What is needed:
What is needed is an exact reproduction of the lines in the records below, starting at the line with "狼队边锋阿达玛·特劳雷面对伯" and ending at the line with "Coleman Classic Series", both included, and nothing else; pictures stay out.

Material provided:

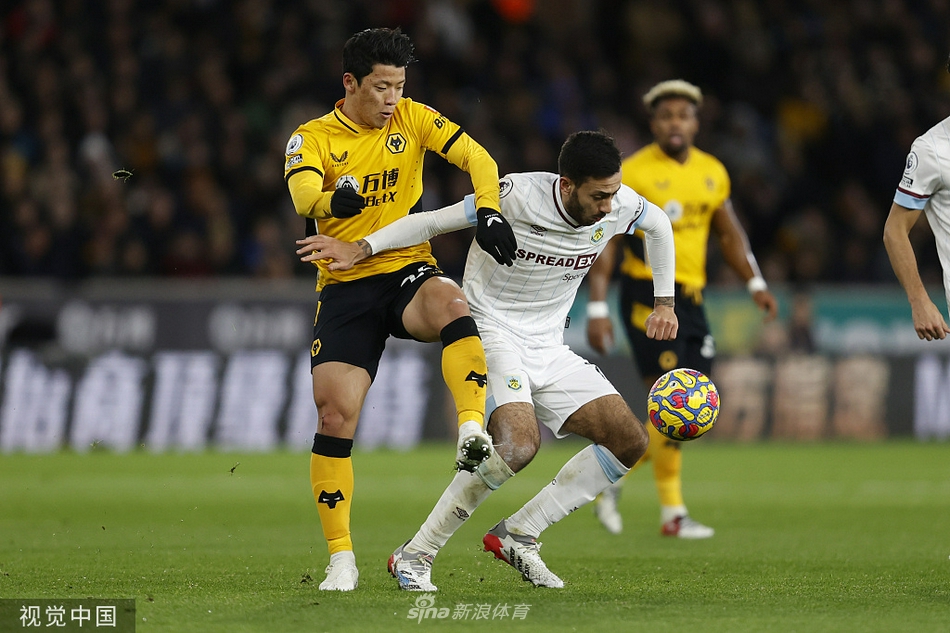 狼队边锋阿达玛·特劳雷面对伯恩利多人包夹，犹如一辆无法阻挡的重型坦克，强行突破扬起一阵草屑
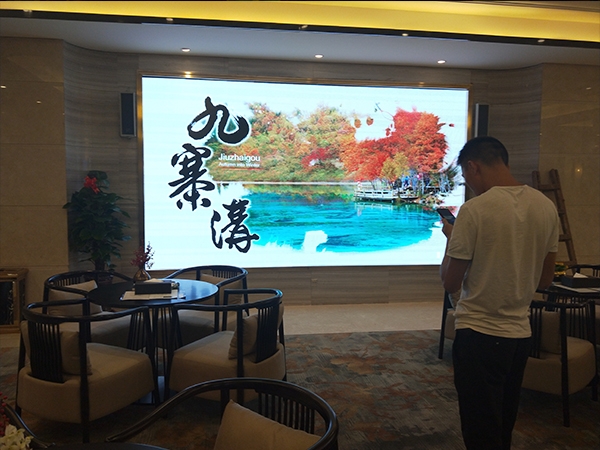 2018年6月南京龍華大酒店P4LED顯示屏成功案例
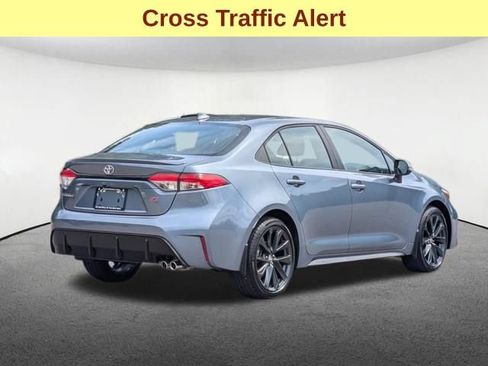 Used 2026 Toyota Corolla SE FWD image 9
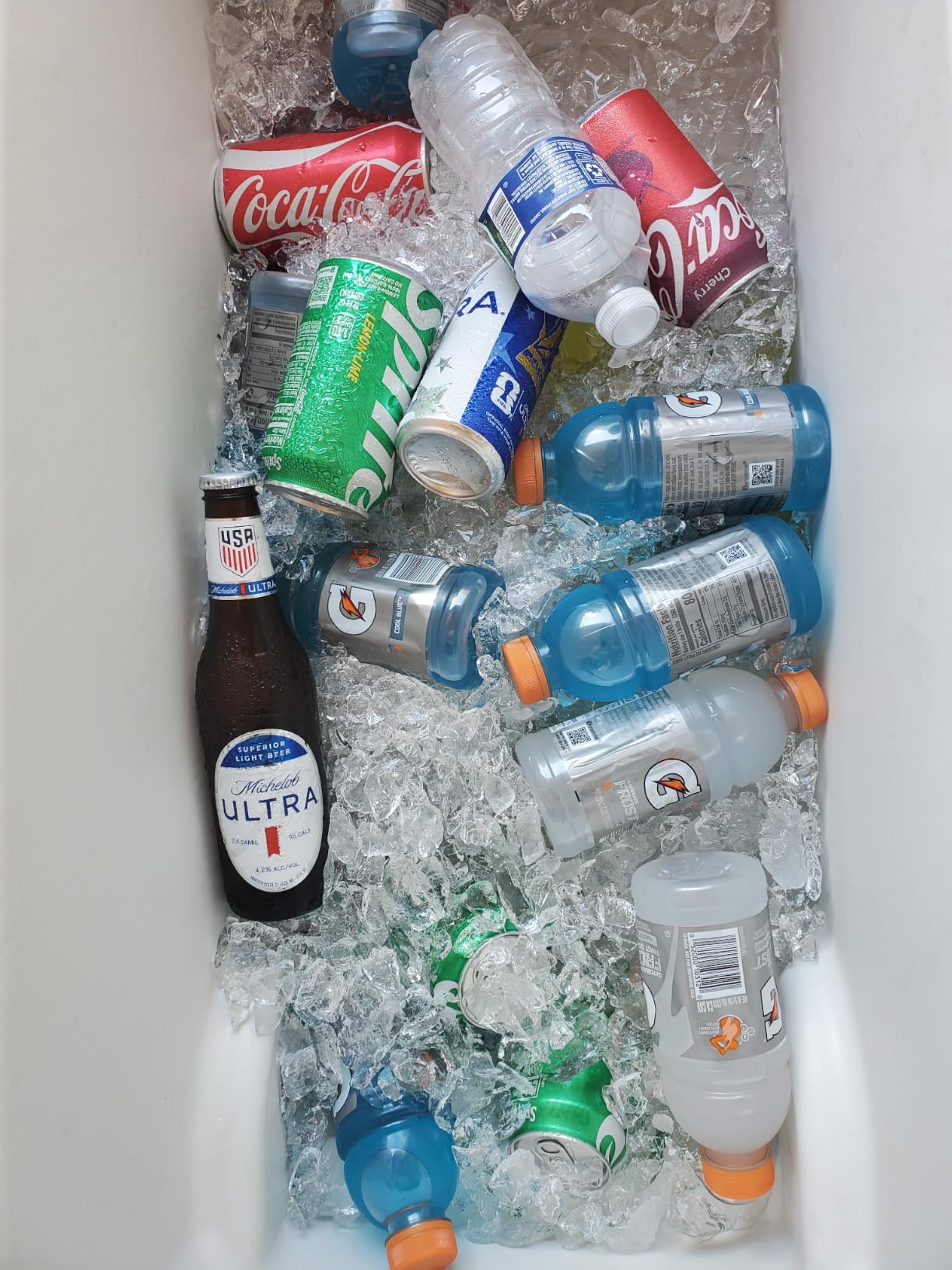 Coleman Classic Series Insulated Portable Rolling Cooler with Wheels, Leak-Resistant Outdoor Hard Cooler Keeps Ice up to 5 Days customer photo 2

...

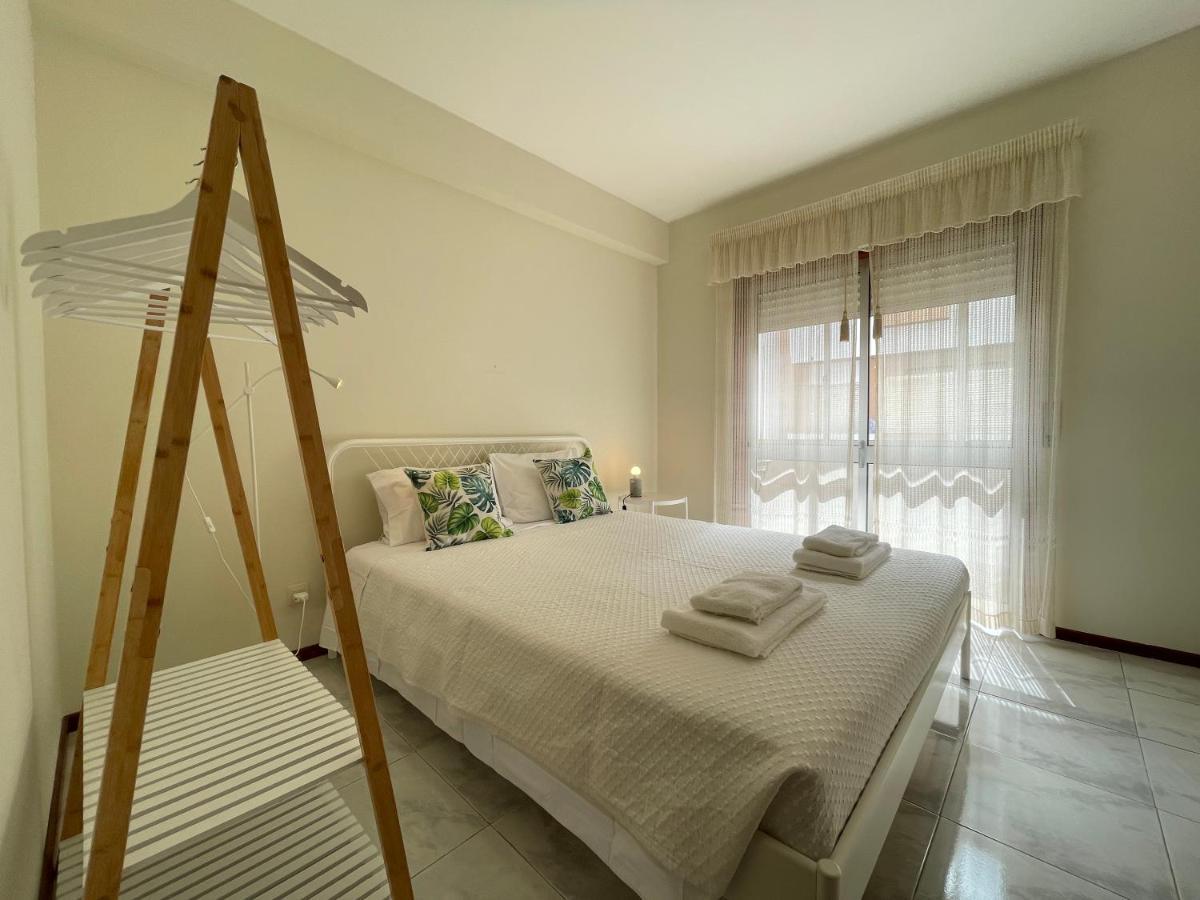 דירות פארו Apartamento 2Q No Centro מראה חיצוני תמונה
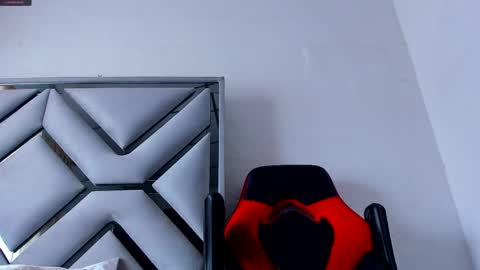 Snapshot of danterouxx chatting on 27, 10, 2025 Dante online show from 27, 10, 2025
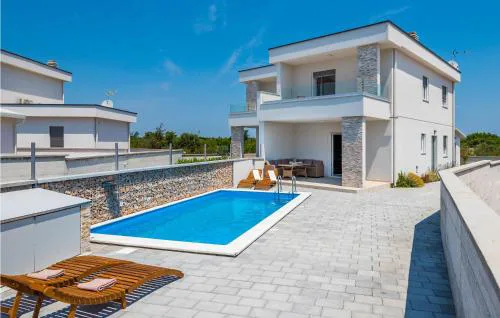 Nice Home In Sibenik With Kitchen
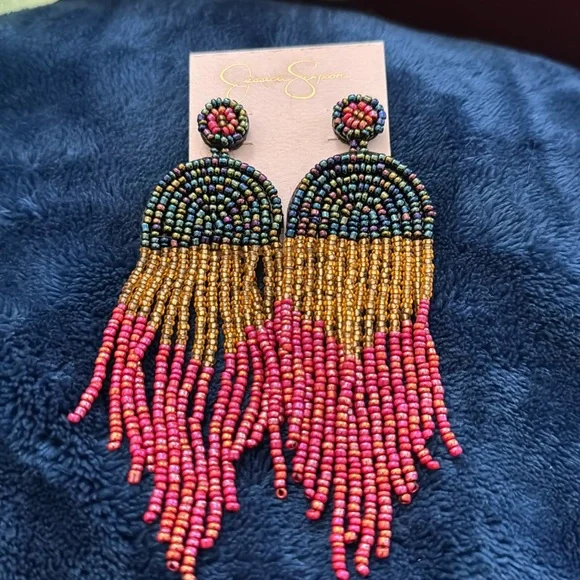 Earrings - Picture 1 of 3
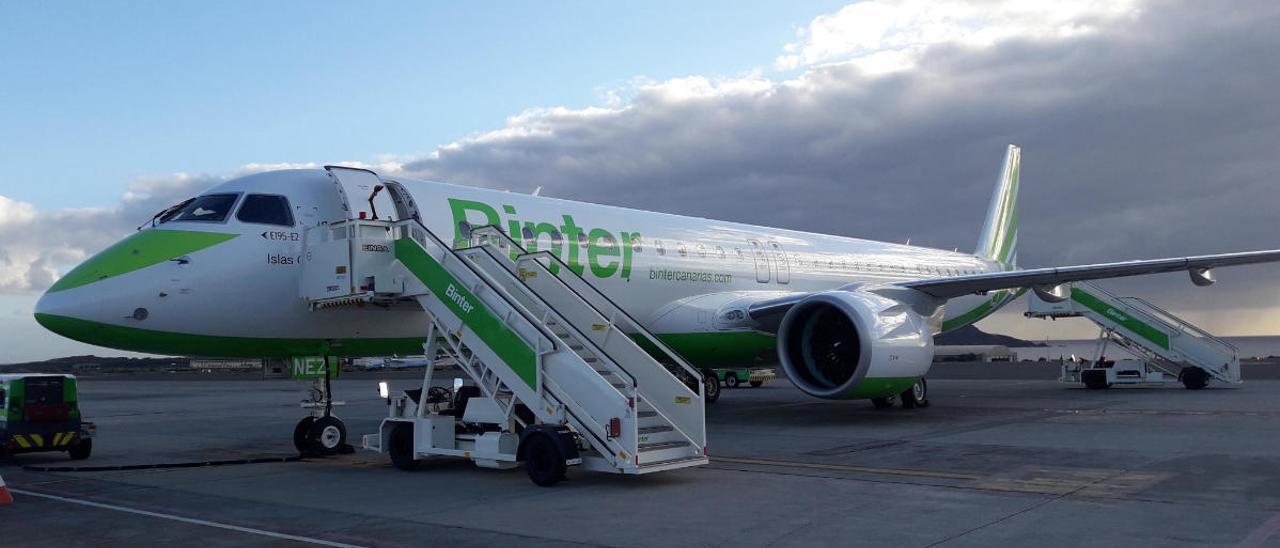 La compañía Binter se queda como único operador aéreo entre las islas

Written response:
 狼队边锋阿达玛·特劳雷面对伯恩利多人包夹，犹如一辆无法阻挡的重型坦克，强行突破扬起一阵草屑
 2018年6月南京龍華大酒店P4LED顯示屏成功案例
 Used 2026 Toyota Corolla SE FWD image 9
 Coleman Classic Series Insulated Portable Rolling Cooler with Wheels, Leak-Resistant Outdoor Hard Cooler Keeps Ice up to 5 Days customer photo 2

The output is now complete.